··· Dataset entries

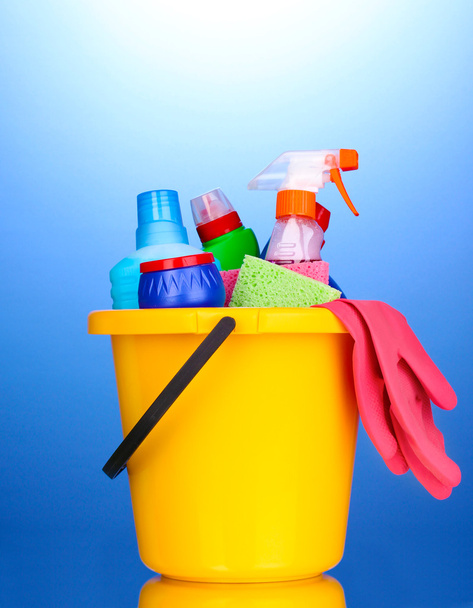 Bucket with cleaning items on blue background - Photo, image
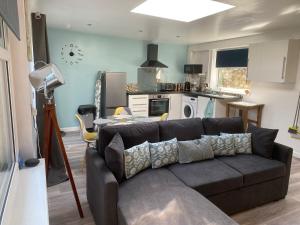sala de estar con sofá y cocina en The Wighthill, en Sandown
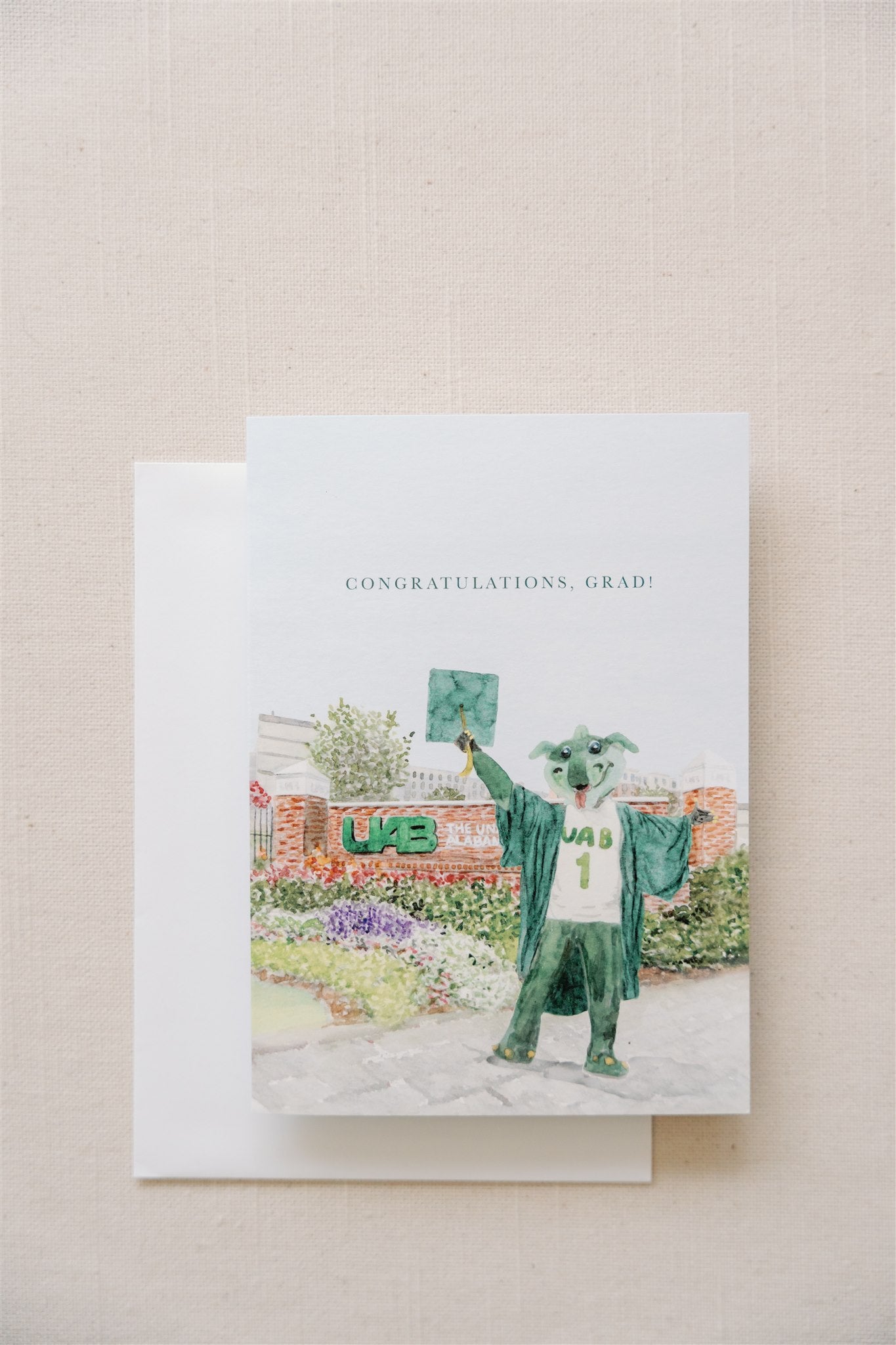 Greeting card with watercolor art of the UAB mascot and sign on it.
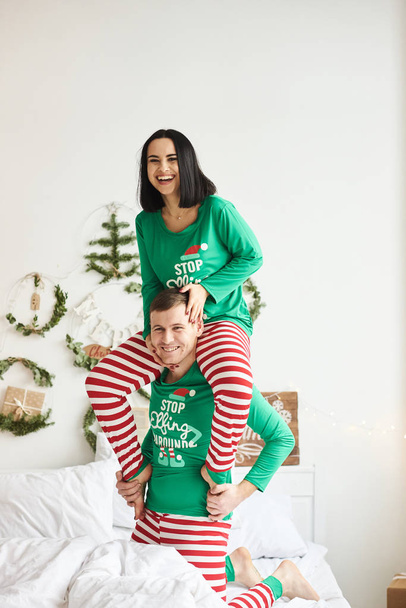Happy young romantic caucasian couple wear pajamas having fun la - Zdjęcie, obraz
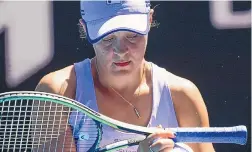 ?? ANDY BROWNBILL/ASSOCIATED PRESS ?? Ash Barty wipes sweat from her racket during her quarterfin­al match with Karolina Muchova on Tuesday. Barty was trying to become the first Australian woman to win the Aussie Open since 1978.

······

## [Work task]
Output each record above exactly as it stands, excluding all pictures.

## [Your response]
 Bucket with cleaning items on blue background - Photo, image
sala de estar con sofá y cocina en The Wighthill, en Sandown
 Greeting card with watercolor art of the UAB mascot and sign on it.
Happy young romantic caucasian couple wear pajamas having fun la - Zdjęcie, obraz
 ?? ANDY BROWNBILL/ASSOCIATED PRESS ?? Ash Barty wipes sweat from her racket during her quarterfin­al match with Karolina Muchova on Tuesday. Barty was trying to become the first Australian woman to win the Aussie Open since 1978.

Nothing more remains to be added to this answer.